The first hour of Border, which will be representing Sweden in this year’s Best Foreign Film Oscar race, is much more successful than the second, effectively fleshing out messages about gender fluidity and how it pertains to one’s abilities as a parent. Some people – like Tina – are unable to have kids of their own despite best efforts, developing a distancing undercurrent of depressive loneliness over time if they let such biological setbacks get the better of them. When Tina is approached by the police to use her sniffer in an investigation, a parallel theme about seemingly normal and traditional parents who shouldn’t be allowed to have children begins to emerge. These parallel storylines enhance and enlighten the relationships Tina has with her beau, her new best friend, and her dementia addled father (Jörgen Thorsson). The approach is strange and atypical, but by sticking to the script and its strong sense of character and place, Border becomes a surprisingly moving and thoughtful meditation on parenthood.

It’s also a strong tale of empowerment and the ability to live up to one’s full potential. Once Tina’s embraces her true and long dormant nature, Border becomes curiously inspiring. Melander’s leading performance is a great example of an actor utilizing every inch of their range, thanks in part to a script that nicely ebbs and flows. Tina starts out demure, slowly growing more confident. The more she learns, the more she begins to love herself and distrust everyone around her. Eventually, she finds her own strength, but is devastated by the cost it took to gain it. Melander’s performance and Tina’s character arc are like watching a flower bloom just before the start of winter and then watching it endure inexplicably under harsh conditions. It’s exceptionally realized by Abbasi, his co-writers, and cast.

Paradoxically, it’s the revelation of Tina’s hidden nature that provides Border with it’s first major stumbling point en route to an admittedly lumbering conclusion. After that key detail is introduced into the story, Abbasi jettisons the slow burning character beats and proceeds to rattle off all of the story’s remaining twists and intersections across twenty breakneck minutes. Suddenly, Border starts leaking all of its previously nuanced material all over the place, and while it’s all still interesting, none of it is sticking as well as it probably should. Once the ambiguity has been drained from Border, Abbasi starts racing to wrap everything up as neatly as possible, often threatening to turn the film into something akin to a superhero origin story in the process (or at least something in line with M. Night Shyamalan’s post-Unbreakable, pre-The Happening years).

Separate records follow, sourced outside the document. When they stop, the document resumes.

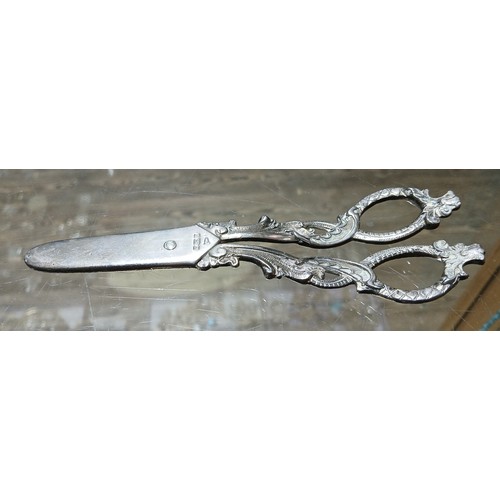 580 - A pair of Edwardian silver grape scissors, Walker & Hall, Sheffield 1908, length 16.5cm, weight 3.5o... 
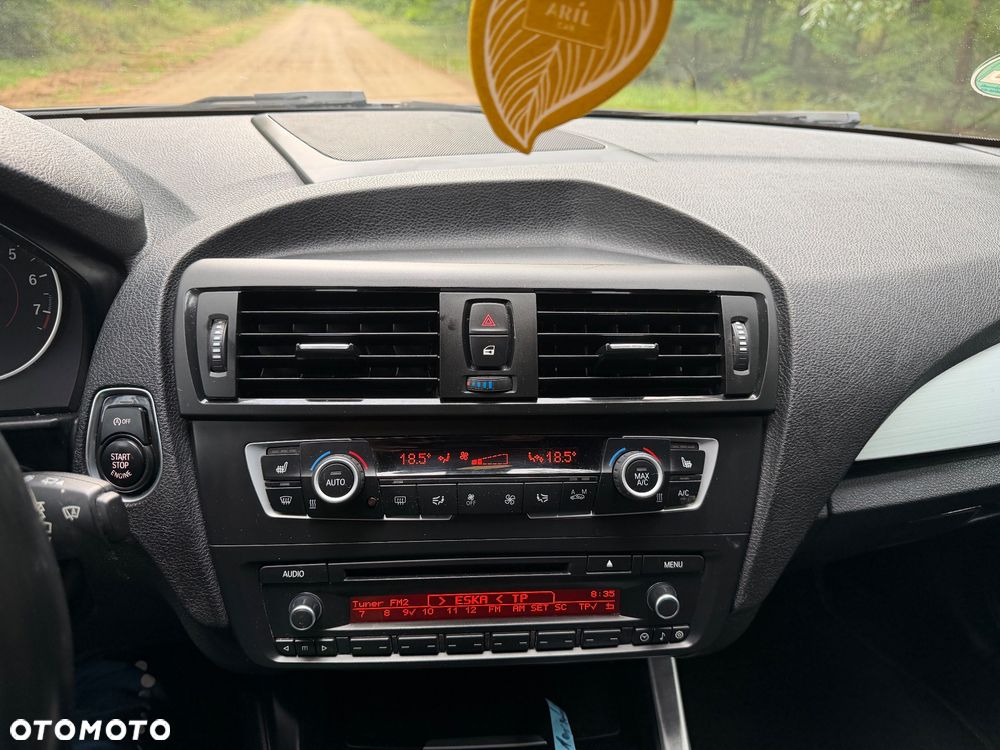 BMW Seria 1 116i Sport Line - 32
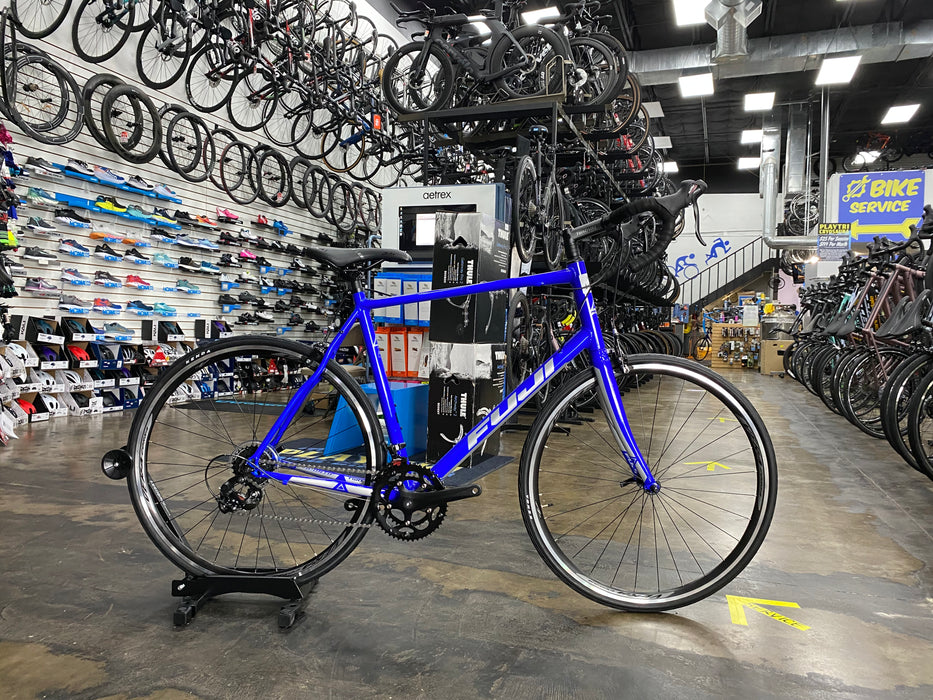 Fuji Sportif 2.5 Shimano Tourney 7 Speed - Electric Blue 2020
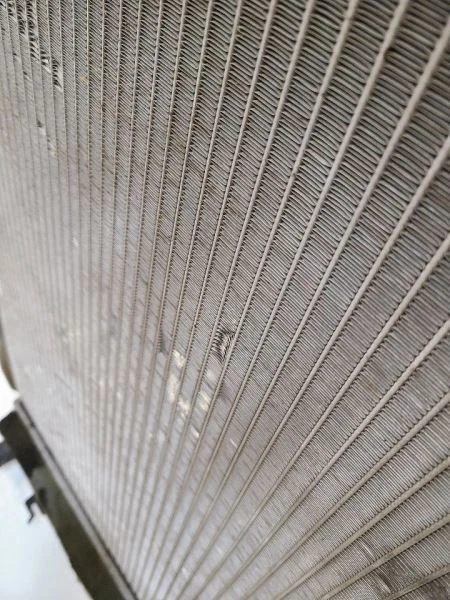 2005 06 2007 FORD  FIVE HUNDRED 3.0L  Radiator  5F9Z8005AA - Image 2 of 4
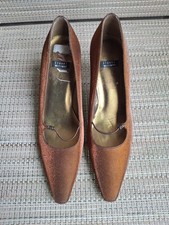 Stuart Weitzman Bronze Heels, Pointed Toe, Cutest Little Crystal Size 7B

It’s both disappointing and admirable that everything about Border adds up by its conclusion, which ultimately says everything it wants to say fifteen minutes before the movie ends. It’s not that the answers given aren’t satisfying, but that they leave the audience without much to think back on once the movie ends. The first transfixing hour of Border will stick in the minds of viewers nicely. The second hour is just a bunch of stuff that happens to bring it all home to a conclusion. That doesn’t make Border any less unique or Abbasi’s approach any less novel, but it does make for a film that isn’t quite as exceptional as it could have been. Unlike its main character, Border only lives up to some of its overwhelming potential.

Border opens in Toronto at TIFF Bell Lightbox and in Montreal on Friday, November 23, 2018. It expands to additional cities throughout the fall and winter.